I am literally using the description from this post:
[R XML - combining parent and child nodes into data frame
So far my code looks like this:
library(XML)
library(plyr)
library(purrr)
api <- function(path) {
url1 <- modify_url("https://ws01.cenace.gob.mx", port = "8082", path = path)
GET(url1)
}
resp <- api("/SWPML/SIM/BCS/MDA/07CAB-115,07BLE-115/2017/03/15/2017/03/15/XML")
url1 <- xmlParse(resp)
mtg_num <- length(xpathSApply(url1, "//Nodo"))
#I am using same names as example
#meeting_list is a 0X0 list
meeting_list <- lapply(seq(mtg_num), function(i) {
races_num <- length(xpathSApply(url1, sprintf("//Resultados[%s]/Valores", i)))
data.frame(
meeting_id = rep(xpathSApply(url1, sprintf("//clv_nodo", i)), races_num)
)
})
final_df <- cbind(do.call(rbind, meeting_list),
xmlToDataFrame(nodes = getNodeSet(url1, "//Valores/Valor")),
XML:::xmlAttrsToDataFrame(getNodeSet(url1, "//Valores/Valor")))
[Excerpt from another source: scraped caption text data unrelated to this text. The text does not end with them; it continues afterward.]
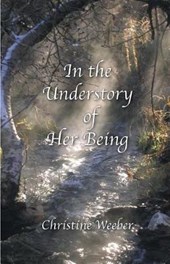 In the Understory of Her Being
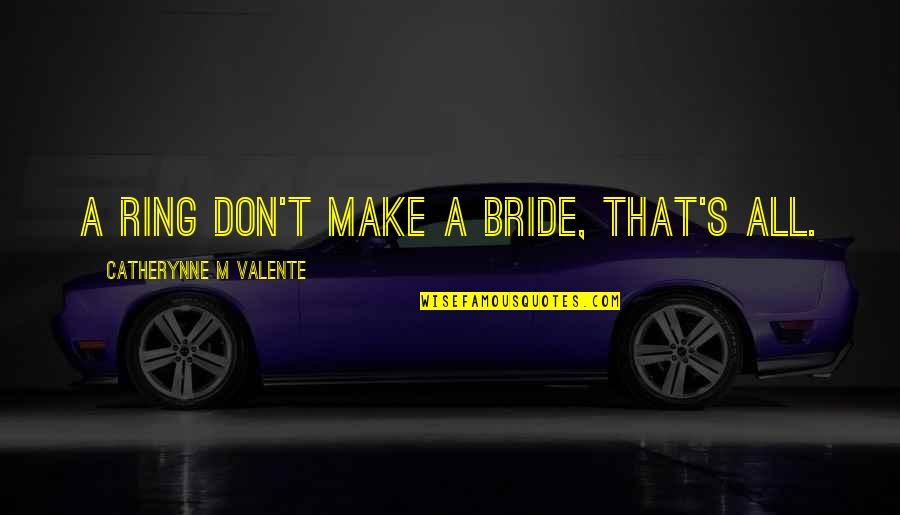 Starner Jones Quotes By Catherynne M Valente: A ring don't make a bride, that's all.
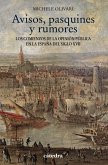 Avisos, pasquines y rumores : los comienzos de la opinión pública en la España del siglo XVII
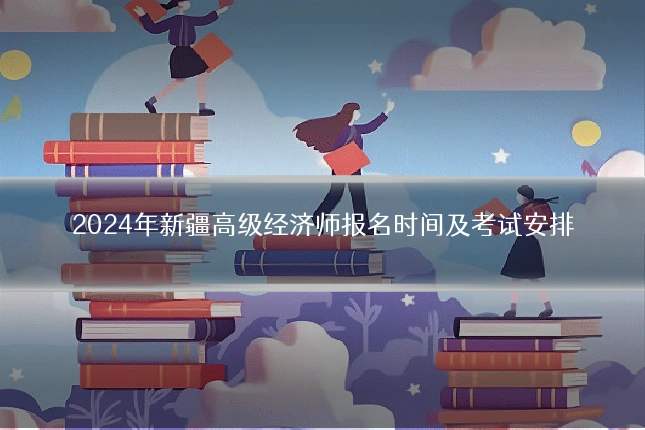 2024年新疆高级经济师报名时间及考试安排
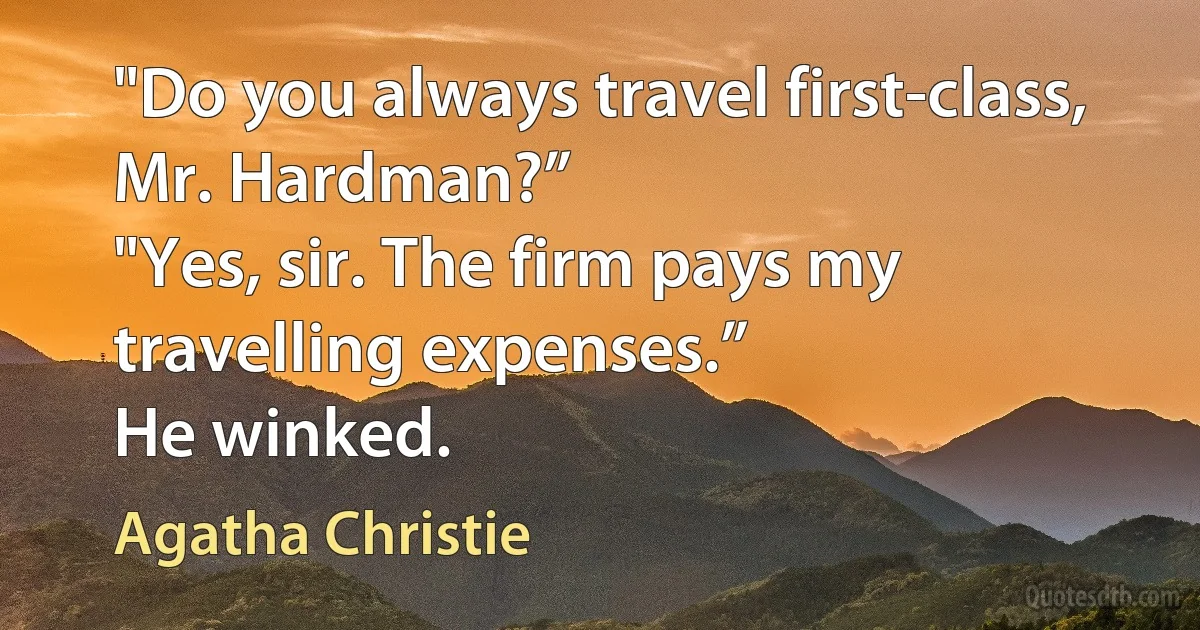 "Do you always travel first-class, Mr. Hardman?”
"Yes, sir. The firm pays my travelling expenses.”
He winked. (Agatha Christie)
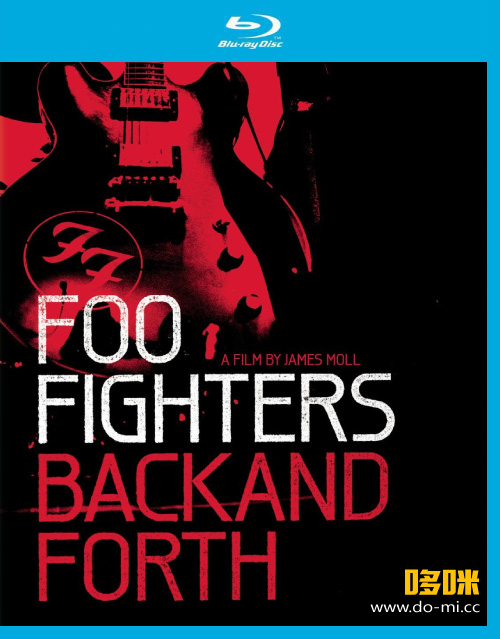 Foo Fighters 喷火战机乐队 – Back And Forth (2011) 1080P蓝光原盘 [BDMV 41.5G]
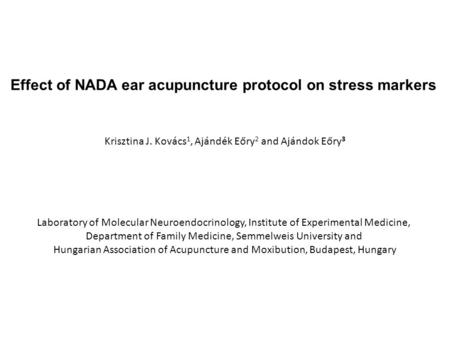 Effect of NADA ear acupuncture protocol on stress markers Krisztina J. Kovács 1, Ajándék Eőry 2 and Ajándok Eőry 3 Laboratory of Molecular Neuroendocrinology,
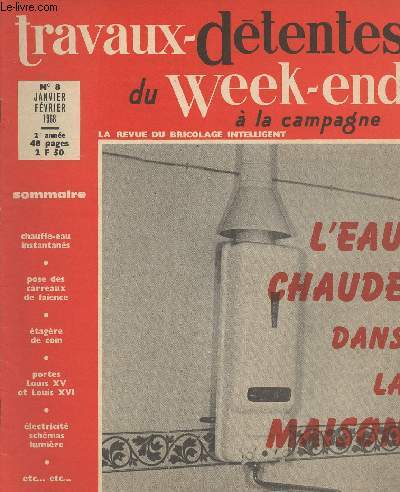 Travaux-dtentes du week-end  la campagne - La revue du bricolage intelligent n8 janv.fv. 2e anne - L'eau chaude dans la maison - Chauffe-eau instantans - Pose des carreaux de fance - tagre de coin - Portes Louis XV et Louis XVI ...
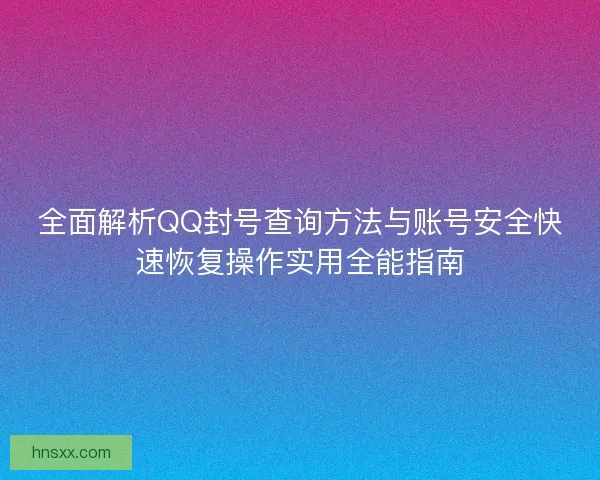 全面解析QQ封号查询方法与账号安全快速恢复操作实用全能指南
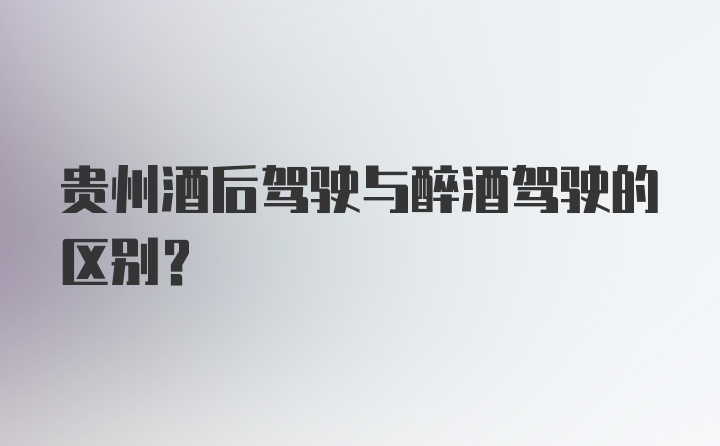 贵州酒后驾驶与醉酒驾驶的区别?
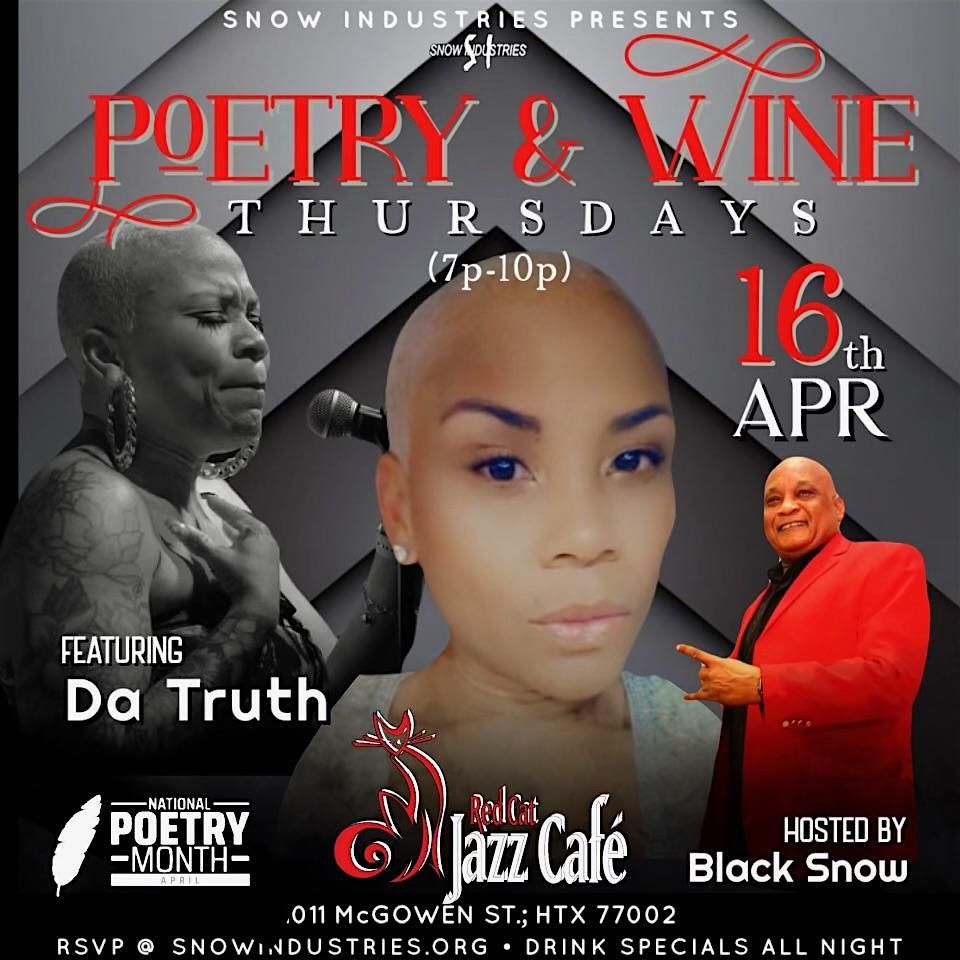 POETRY & WINE THURSDAYs Presented by SNOW INDUSTRIES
Since meeting_list is 0X0 when I try to bind it to "Valor" it gives me an error:
Error in data.frame(..., check.names = FALSE) :
arguments imply differing number of rows: 0, 48
In addition: Warning message:
In combineNamedVectors(lapply(doc, xmlAttrs), attrs, omit, ...) :
no elements to combine across records
How can I possible parse correctly "clv_nodo" and expand it to the 48 values in "Valores".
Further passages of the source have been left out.